What is wrong with polygamy? | Page 2 | INFJ Forum

What is wrong with polygamy?

You could argue the other way as well though Alcyone and say more parents would lead to less neglect as when one is having a hard time there would always be another the child could go to for support. As for the sexual bias, are you saying if the norm was the other way around you'd accept it?
 
Lurker said:
You could argue the other way as well though Alcyone and say more parents would lead to less neglect as when one is having a hard time there would always be another the child could go to for support. As for the sexual bias, are you saying if the norm was the other way around you'd accept it?


Nope, even if the gender roles were reversed I'd still be against it. There would be way too many ways for things to go so very bad for a woman involved in a situation like that.

I watched the interview with a polygamous man and his three (or was it four I don't remember too well) wives. They said all the right things. But their sidelong glances at each other, individual interviews, body language etc...painted a completely different story. That wasn't a happy family no matter how much they wanted to persuade everyone otherwise.

Depends on the definition of neglect. If you mean food, clothing, and shelter. Yes, it would protect a child from physical neglect. More adults would (should?) ensure that everyones physical needs are taken care of. As for emotional needs and nurturing, even for the most tender hearted of mothers, if a line had to be made, take care of my kids or her kids, I am sure that Mom would try her damnedest to do it all, but the kids of her other co-wives would eventually take the back seat portions of her time and affection. And one or two good parents can't take up the slack from several bad ones when in such close quarters like those families live in. When it comes to modeling appropriate conflict resolution, As well as positive gender role modeling, I think a polygamist situation leaves a lot more to be desired.
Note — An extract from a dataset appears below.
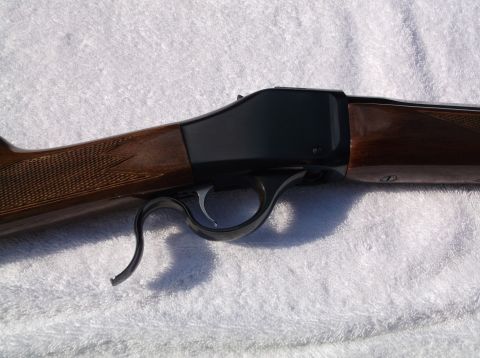 1995 Mercury Grand Marquis - Close-up view of a Browning lever-action rifle, showing the wood stock and black receiver.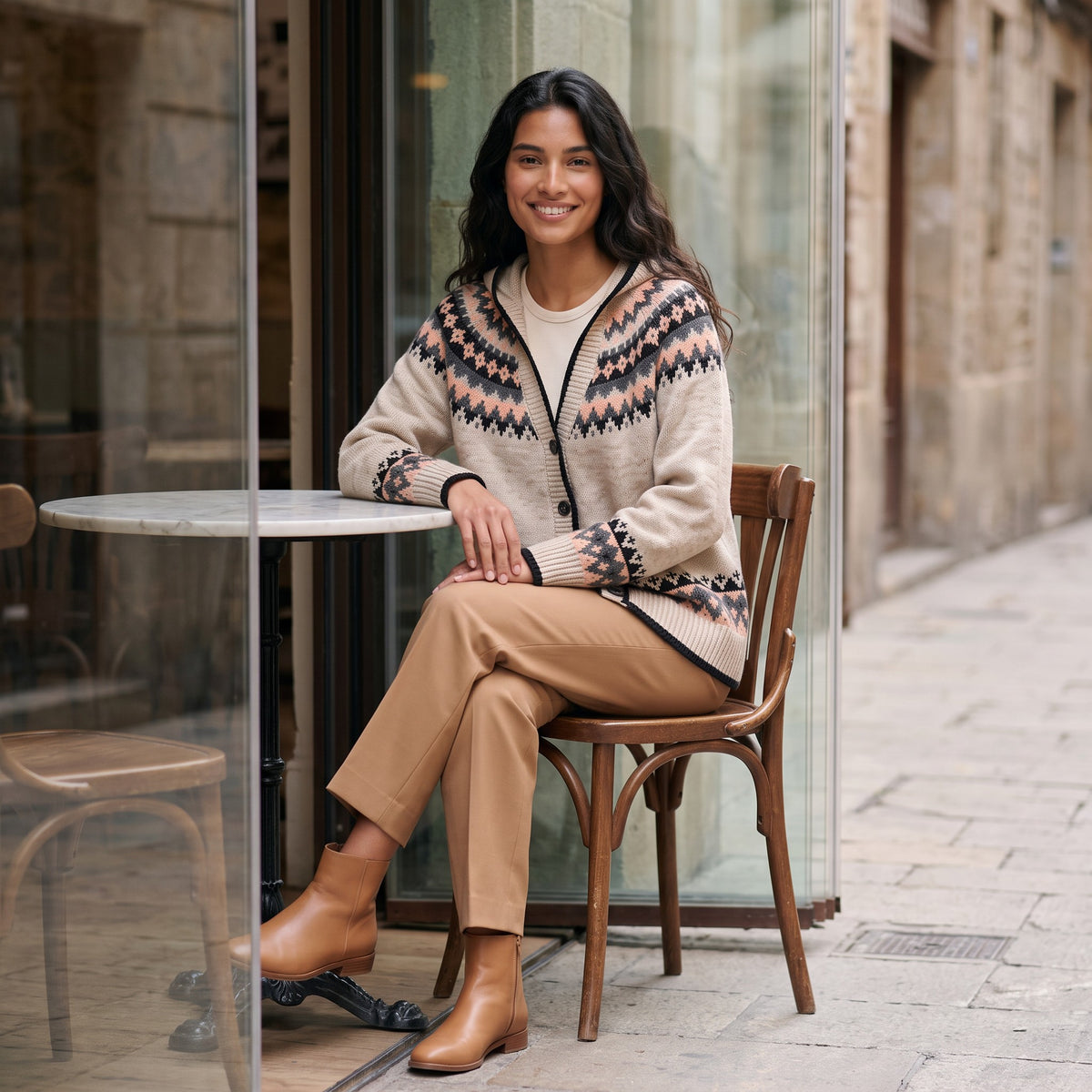 Mujer sentada en la terraza de un café con un cárdigan jacquard nórdico con capucha beige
There are likely good, healthy, polygamist households out there. But I think the unhealthy ones out weigh the good ones and the potential for abuse makes it unsuitable for legalization.
 
Stone said:
Widespread polygamy would mean rich dudes would have all the ladies and average joes would be left with no womens. :cry:
What if the women in question can also have several men? :mrgreen:
 
I'm not good at sharing...

No sloppy seconds for me thanks...
 
Shaz- said:
Stone said:
Widespread polygamy would mean rich dudes would have all the ladies and average joes would be left with no womens. :cry:
What if the women in question can also have several men? :mrgreen:


AMEN sista!
 
polygamy_2.jpg

Nice. ^^ Imagine being married to a bunch of women who constantly nag at you to take the garbage out. I dont care if someone else wants to marry more than one person, it has nothing to do with me. :p I want to have one person and I dont share. :p
 
I believe people can do what they want as long as no one is hurt in it.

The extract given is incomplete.